- Born: Aloysius John Schneider March 16, 1907 Fond du Lac, Wisconsin, U.S.
- Died: March 2, 1983 (aged 75)
- Known for: Founder of Schneider National

= Al Schneider =

American businessman

Aloysius John Schneider (March 16, 1907 – March 2, 1983) was an American businessman from Wisconsin who founded the trucking company Schneider National in 1935.

==Career==
Schneider founded Schneider National in 1935 after selling his family car to buy a truck. In 1938, Schneider converted a horse stable into a storage and transfer service which he dropped in 1944. Schneider had a son Don who was born in 1935. Don joined the company in 1961. Schneider and his son were able to move into areas "long dominated by common carriers". Schneider National would grow to become one of the largest transportation and logistics in North America.

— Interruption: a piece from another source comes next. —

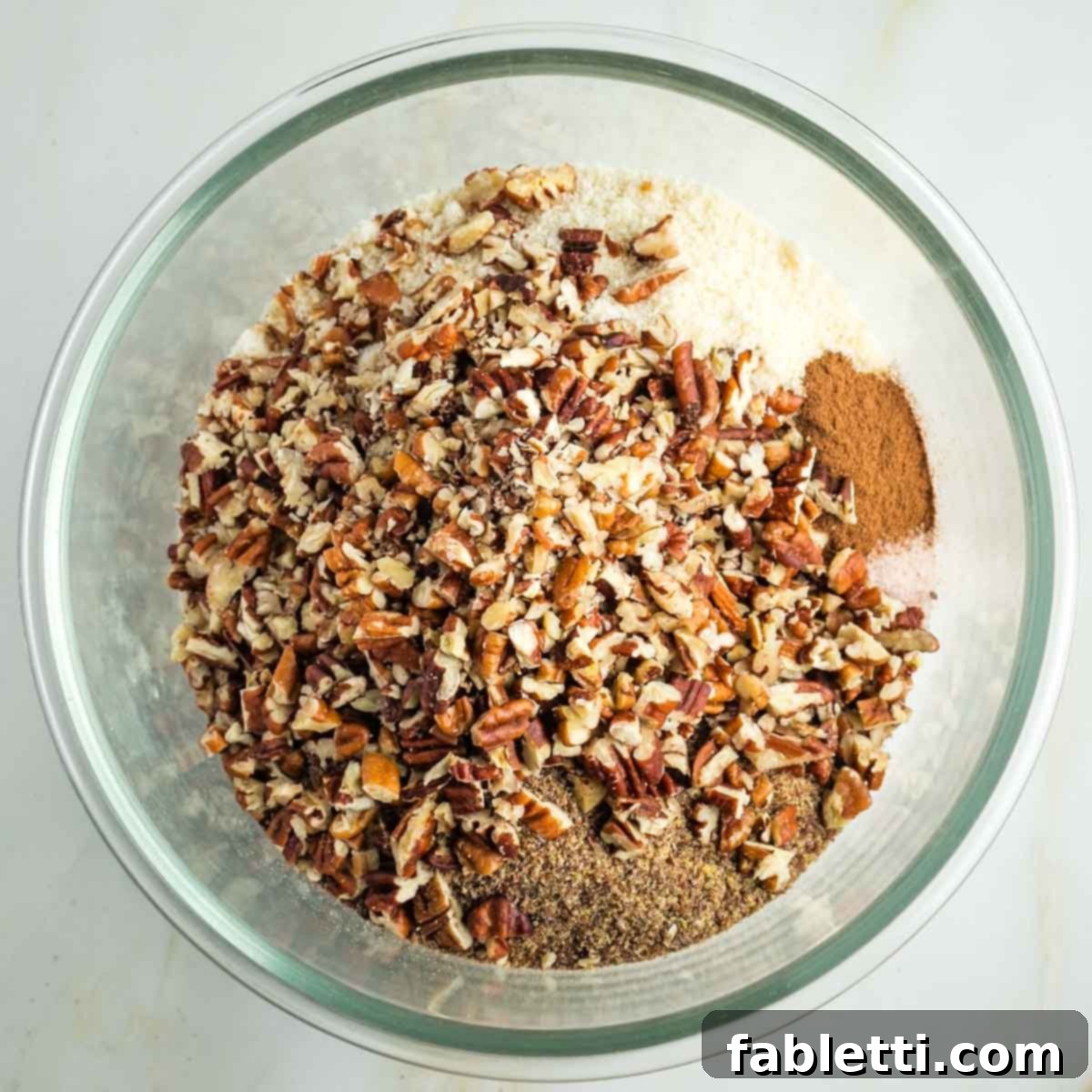 Golden Maple Pecan Sweet Potato Casserole 8 Almond flour, ground flax, chopped pecans, and spices in a glass mixing bowl, forming the base of the crumble topping.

Schneider was a lifelong fan of the Green Bay Packers. In 1942, Schneider volunteered to participate in the Packers’ season-ticket drive. In 1951, he brought a group of business leaders to Milwaukee to promote purchasing season tickets. In 1965, after the Packers had received a share of the Western Conference championship, Schneider greeted the Packers as a leader of the reception committee. He managed the Green Bay Packers Hall of Fame from 1970 to 1975 he served on the board from 1976 until his death in 1983.

Schneider was inducted into the Green Bay Packers Hall of Fame in 1992 as a supporter.